There was one final problem I noticed with the Multistrada, which is the annoying tendency of the speedometer to display triple-digit speeds, when your seat of the pants speedometer is telling you that you are traveling substantially slower. When it’s in Sport, or even Touring, mode this bike is, as our friends in Boston would say, wicked fast. You expect something more like the BMW R1200GS in performance when you look at the Multistrada. But when you ride it, you notice that you’ve hit 90MPH…and haven’t shifted to 3rd gear yet. 50MPH on the Multistrada seems…painfully slow.
I didn’t take the bike onto a dirt road or fire road, so I can’t speak about its Enduro performance. I suspect the 17″ front wheel would limit its Enduro ability, compared to the BMW GS, with it’s 21″ front wheel. But I can say that for city streets or canyon-carving, Ducati has created a truly enjoyable, versatile motorcycle in the Multistrada. I would be perfectly happy to have this as a replacement for the FJR. This is about the best all-rounder I’ve ever ridden.
So, it seems like Ducati’s claims for the Multistrada’s versatility are not so much hype as…the truth.
The ambient air temperature read 87° as I pressed the starter switch on the blue-on-white Buell 1125R, and prepared myself for the slight possibility of fun.

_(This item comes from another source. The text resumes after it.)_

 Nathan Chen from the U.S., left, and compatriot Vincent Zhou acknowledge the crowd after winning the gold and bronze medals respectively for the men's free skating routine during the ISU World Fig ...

I say “slight possibility”, because the restrictions that Biggs Harley-Davidson in San Marcos, CA had set on the test ride were stacked against any serious test of the motorcycle’s capability. First, I was restricted to riding a pre-defined route that would prevent any serious test of the bike’s handling. Second, I was required to ride behind an accompanying Biggs employee, who would be riding a…wait for it…Street Glide. Now the Street Glide is a beautiful motorcycle, but any casual listing of it’s outstanding characteristics would not include “Sharp, high-speed handling”.
I was told, however, that I was lucky to be allowed to take a test ride at all, because “the insurance company classifies them as ‘superbikes’, we we were lucky to allow anyone to take a test ride.”

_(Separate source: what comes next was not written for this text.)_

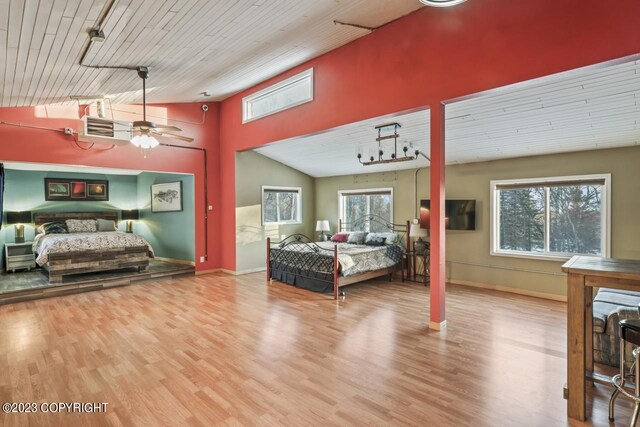 bedroom featuring multiple windows, light hardwood / wood-style floors, ceiling fan, and a towering ceiling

And you can believe as much of that as you please.
Starting up the 1125R rewards you with a decidedly un-Harley-like, yet recognizably V-Twin rumble. It’s a fairly unique sound, and after thinking about it for a while, I decided that it sounds sort of like a WWII aircraft engine.

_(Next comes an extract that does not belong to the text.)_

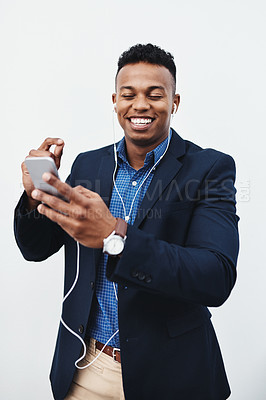 Buy stock photo Phone, music and businessman with earphones in studio for streaming audio, track or podcast on white background. Smartphone, playlist and African entrepreneur with online album, radio or video call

The first few minutes I spent in the parking lot, doing a couple of figure-8s, and playing with the low-speed handling of the bike. For someone like me, who rides at low speed using the techniques from the “Ride Like a Pro” series of DVDs, the 1125R is resistant to the trail-braking techniques. That’s because the rear brake is essentially useless. There is no feel whatever, and even a hard stomp on the brake pedal rewards you with…nothing.
This was a recurring feature of the ride, since I tend to use my rear brake a fair amount, and I had to adapt my riding style to essentially ignoring the rear brake and concentrate on two-finger front-braking. I use my rear brake and engine braking to scrub off speed when approaching corners, and the 1125R doesn’t reward that technique at all, though the engine-braking is quite acceptable.
Conversely, the front brakes worked very well. They were grabby, and had plenty of feel. And the bike didn’t stand up straight under light front-braking.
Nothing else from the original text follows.